Your dog should be walked at least 30 to 45 minutes a day, preferably in the morning. They also need plenty of stimulation around the house. If there isn’t anything available to entertain them, they’ll find their own methods, which usually results in shredded shoes and major damages.
2. Consistency is Key
If you’re training your dog to stop a particular behavior, you need to make sure that everyone is on the same page. If one family member allows the dog on the couch when you always tell it to get off, the mixed signals will quickly confuse your pup and undo any hard work.
Make sure that you are consistent with your commands and establish rules early on. Puppies are like children; they absorb everything and quickly fall into a routine.
3. Set Realistic Goals
Some people have expectations that their dog simply isn’t going to meet. Think about your desired outcome and break it down into smaller goals. If you want to train your dog to stop jumping on people when they enter the house, first work on mastering the “sit” command and holding the position for several seconds.
You have to build up the discipline and skills necessary to succeed. Establishing new behaviors will always be easier than trying to constantly scold old ones.
4. Exhibit “Alpha” Behavior
Dogs are pack animals, and they naturally want a leader. If they don’t recognize anyone in the house as the leader, they’ll assert themselves into the role. There are many subtle actions owners do that tell their dog, “You’re the boss.” These behaviors might seem harmless and even affectionate at times, but they really only complicate your relationship as an owner and can lead to issues with dominance and aggression.

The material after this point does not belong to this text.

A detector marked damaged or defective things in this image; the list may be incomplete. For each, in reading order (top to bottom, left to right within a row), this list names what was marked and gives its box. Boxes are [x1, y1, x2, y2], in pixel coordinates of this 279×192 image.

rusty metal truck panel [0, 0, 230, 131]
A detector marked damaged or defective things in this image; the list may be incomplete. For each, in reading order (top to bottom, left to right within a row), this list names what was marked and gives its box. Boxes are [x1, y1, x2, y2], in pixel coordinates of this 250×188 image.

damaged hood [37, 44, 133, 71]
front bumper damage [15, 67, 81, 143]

Some behaviors you’ll want to avoid include letting your dog walk ahead of you on the leash, letting them sleep in your bed and never feeding them freely. Cesar Milan, the world-renowned “dog whisperer,” suggests that dog owners formulate a plan with a set intention. The follow-through is fare more important than the day-to-day execution.
You may make mistakes and slip up now and again. After all, you’re only human. But consistent actions and examples of your position as pack leader will have a lasting impact on your relationship and bond with your dog.

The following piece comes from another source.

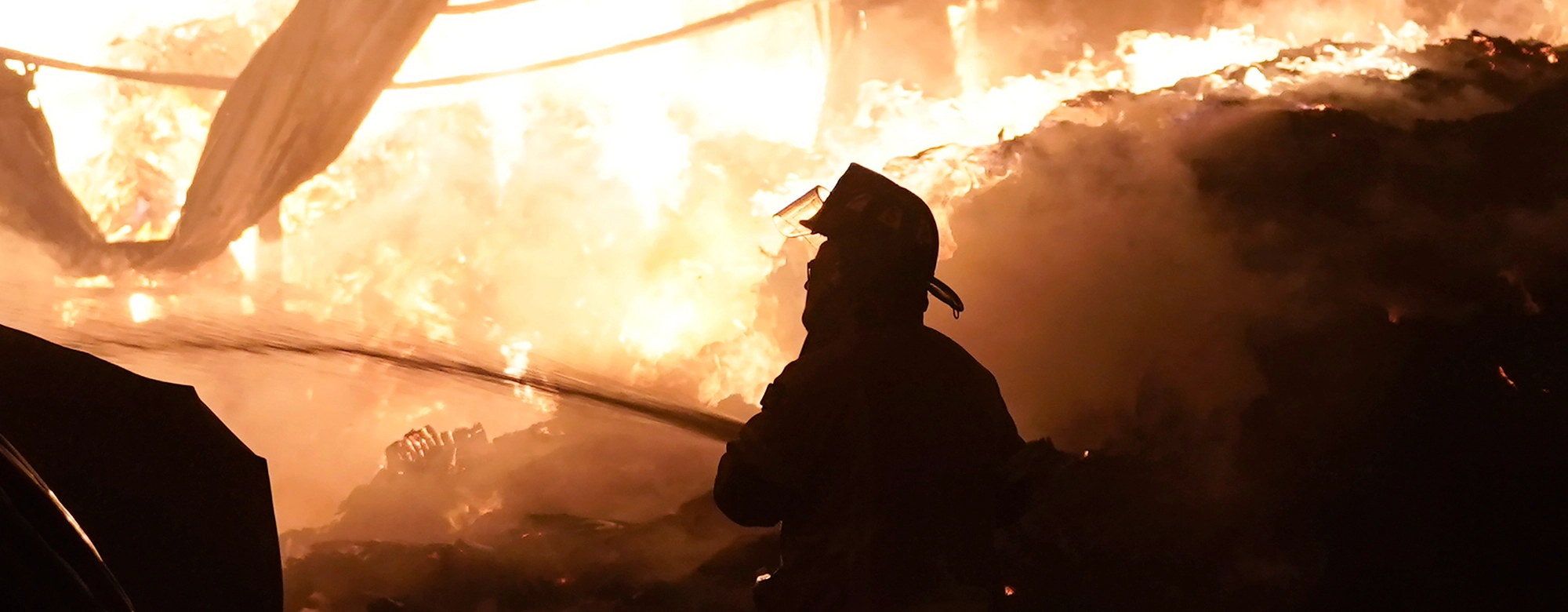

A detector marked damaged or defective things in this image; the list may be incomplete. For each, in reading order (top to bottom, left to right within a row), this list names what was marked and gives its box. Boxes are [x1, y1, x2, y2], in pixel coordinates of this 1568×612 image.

charred debris [273, 32, 1568, 612]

5. Positive Reinforcement is Everything
Most dog training is modeled on operant conditioning, which rewards good behaviors and punishes bad ones. Unfortunately, many people focus far more on the latter and, as a result, wind up harming their relationship with their dog and failing at training.
In the dog training world, there are two primary models of teaching: reward training and discipline-based training. The former thrives off positive reinforcement while the latter focuses on disciplining undesirable actions.
You may find that one method is more effective than the other depending on what you’re trying to teach your dog. Some problems are far more pressing than others. You need your dog to stop growing at strangers, for example, but you don’t need him to know how to roll over or play dead.
Discipline-based training does not help the dog-owner relationship as much as a reward-based approach. Often times, negative reinforcement creates an emotional association with fear and avoidance. No one wants their dog to only listen because they’re scared of them.
Think about the emotional response that you’re conditioning your dog to have during training. Do you associate the desired action with something happy and fun, or do your tactics only teach your dog to be afraid or feel like they’ve done something wrong?
Put Your Bond First, Then Train
If you consciously think about how each interaction with your dog will impact your relationship, it becomes much easier to make the right decisions. The more comfortable and relaxed your dog feels, the more likely they will respond favorably to training.
Stay committed, be consistent and view your training as an opportunity to strengthen your bond and grow closer.